Muğla Sıtkı Koçman Üniversitesi’nde 2 yıllık Muhasebe Bölümü’nü kazanan Ş.P.’nin okulunu yarım bırakıp kaydını dondurduktan sonra döndüğü Aliağa’da sık sık annesi Gülseren Süngü’yle kavga ettiği öğrenildi. Olay günü de birahanede çalışan anneleriyle konuşup eve erkek getirmemesi yönünde söz alan kız kardeşlerin, kontrol amacıyla saat 06.00 sıralarında uyanarak annelerinin yanına gittikleri belirlendi. Kızlarının kendisini kontrol etmelerine sinirlenen Gülseren Süngü’nün iddiaya göre mutfaktan bıçak aldı. Burada çıkan boğuşmada, Süngü, kızları tarafından elinden alınan bıçakla öldürüldüğü belirtildi.

KARDEŞLERİN BİRİSİ 20, DİĞERİ 10 YIL CEZA ALDI


İki kız kardeş hakkında Karşıyaka 2’nci Ağır Ceza Mahkemesi’nde ağırlaştırılmış ömür boyu hapis cezası istemiyle dava açıldı. 2’nci Ağır Ceza Mahkemesi’nde görülen duruşmalar sonunda mahkeme heyeti üst sınırdan tahrik indirimi uyguladı, abla Ş.P. 20, B.P. ise 10 yıl hapis cezası aldı.

Ağır tahrik indiriminin üst sınır değil alt sınırdan uygulanmasını isteyen kız kardeşler, cezayı çok bularak Yargıtay’a gitti. Yargıtay Cumhuriyet Başsavcılığı da, yüksek mahkemeye sunduğu mütalaasında kız kardeşleri sevindirdi. Mütalaada savcılık, annelerini bıçaklayıp öldüren iki kız kardeşin aldığı cezayı çok bulup TCK’nın 29’uncu maddesi gereğince, ’makul oranda indirim verilmesi gerekirken, asgari oranda indirim yapmak suretiyle sanıklara fazla ceza verildiğini’ gerekçe gösterip bozma istedi.

YÜKSEK HAKİMLER GÖRÜŞ ALMADAN KARAR VERMEDİ

Ancak Yargıtay Cumhuriyet Başsavcılığı’nın bozma isteğine rağmen Yargıtay 1’inci Ceza Dairesi hakimleri buna uymadı ve dikkat çeken bir karara imza attı. Yüksek hakimler, bu yönde bir talep olmamasına rağmen kurbanın anne ve kadın olmasından dolayı, Aile ve Sosyal Bakanlığı’ndan konuyla ilgili görüşünün sorulmasına karar verip dosyayı yerel mahkemeye gönderdi.

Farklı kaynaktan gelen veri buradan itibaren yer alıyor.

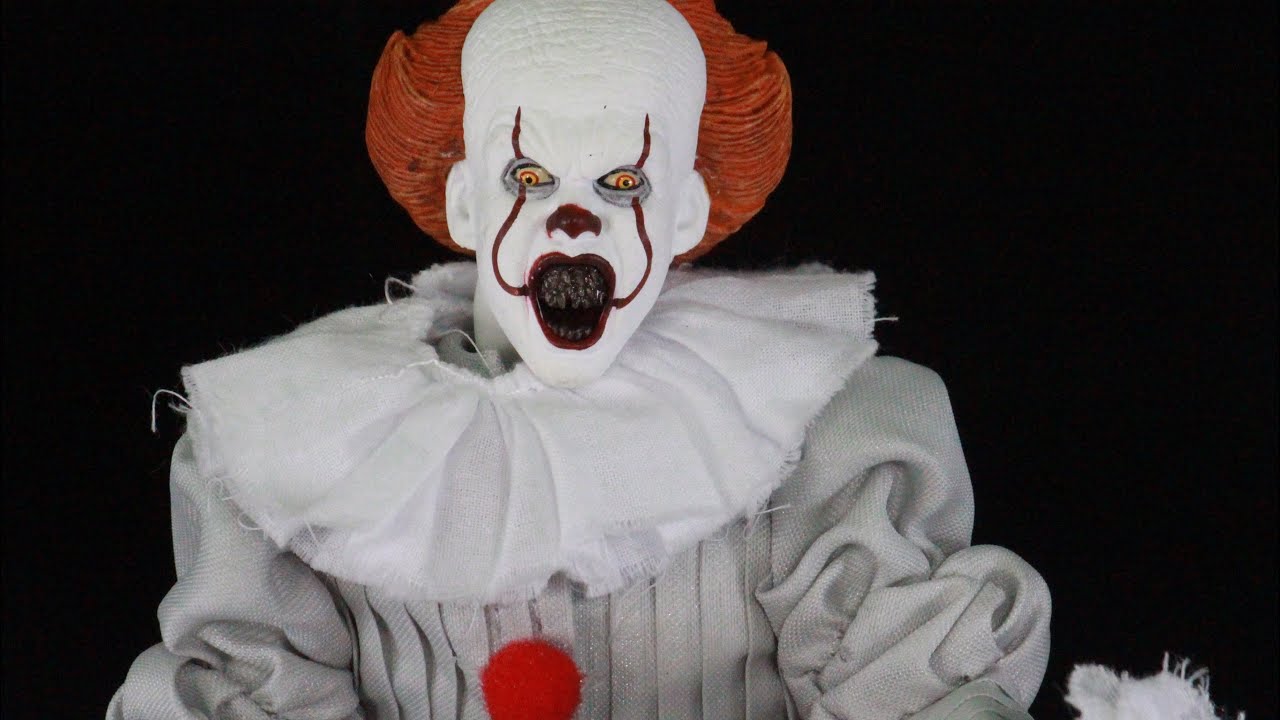 Обзор фильма &laquo;Оно&raquo; от NECA TOYS 2017 года из ретро-ткани Pennywise The Clown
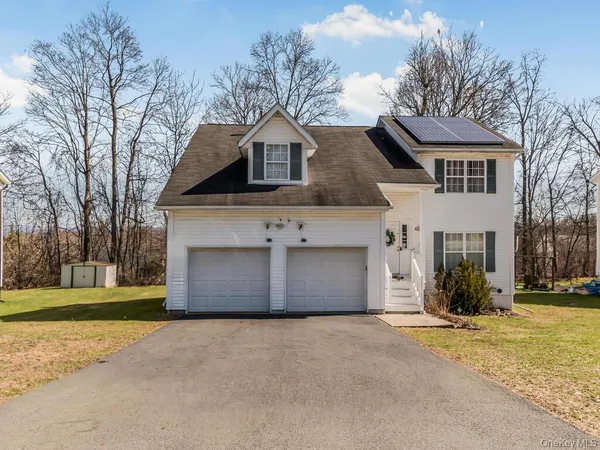 $560,000 | 35 Dogwood Drive, Middletown, NY 10940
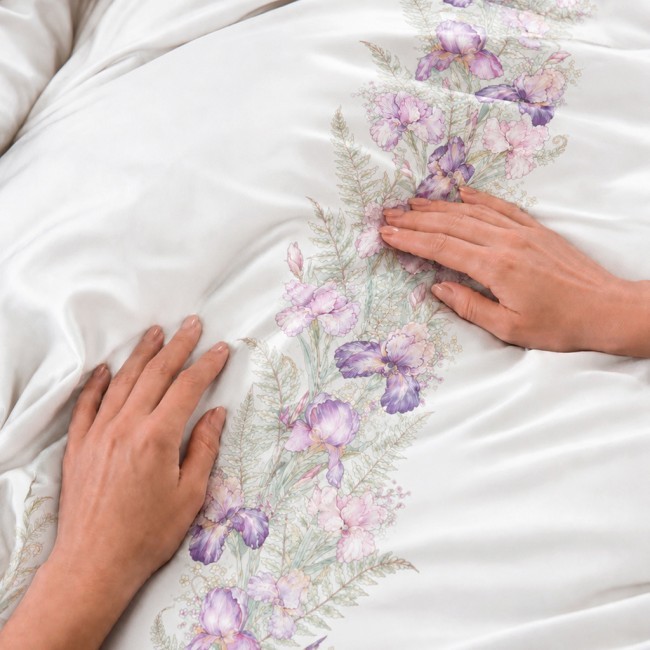 Кпб,king size,"irises" белый, сатин, хлопок100%,п.240х260-1шт,пр.260х260-1шт,н.50х70-2шт/70х70-2шт Lefard (989-004-15) Кпб,king size,"irises" белый, сатин, хлопок100%,п.240х260-1шт,пр.260х260-1шт,н.50х70-2шт/70х70-2шт Lefard (989-004-15)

BAKANLIK AVUKATLARI CEZAYI AZ BULDU

Görüşleri alınan Aile ve Sosyal Politikalar Bakanlığı avukatları, dosyaya müdahil olduktan sonra da mahkemeye taleplerini sundu. Buna göre, bakanlık avukatları, katil kız kardeşlere, Yargıtay Cumhuriyet Başsavcılığı’nın görüşünün aksine ’haksız tahrik’ ile ’iyi hal indirimlerinin’ fazla uygulandığını bu nedenle de az ceza verildiğini savunup kararın bozulmasını istedi. Dosya tekrar gönderildikten sonra Yargıtay 1’inci Ceza Dairesi ya kararı onayacak, ya da bozacak.

Kız kardeşlerin avukatı Hakan Turan, "Ben müvekkillerimin fazla ceza alacaklarını düşünmüyorum. Temyiz gerekçelerimiz ile Yargıtay Cumhuriyet Başsavcılığı’nın görüşü aynı yönde. Kararın bozulacağını ve müvekkillerimizin daha az ceza almasını bekliyorum. Alt sınırdan ceza alacaklardır" dedi.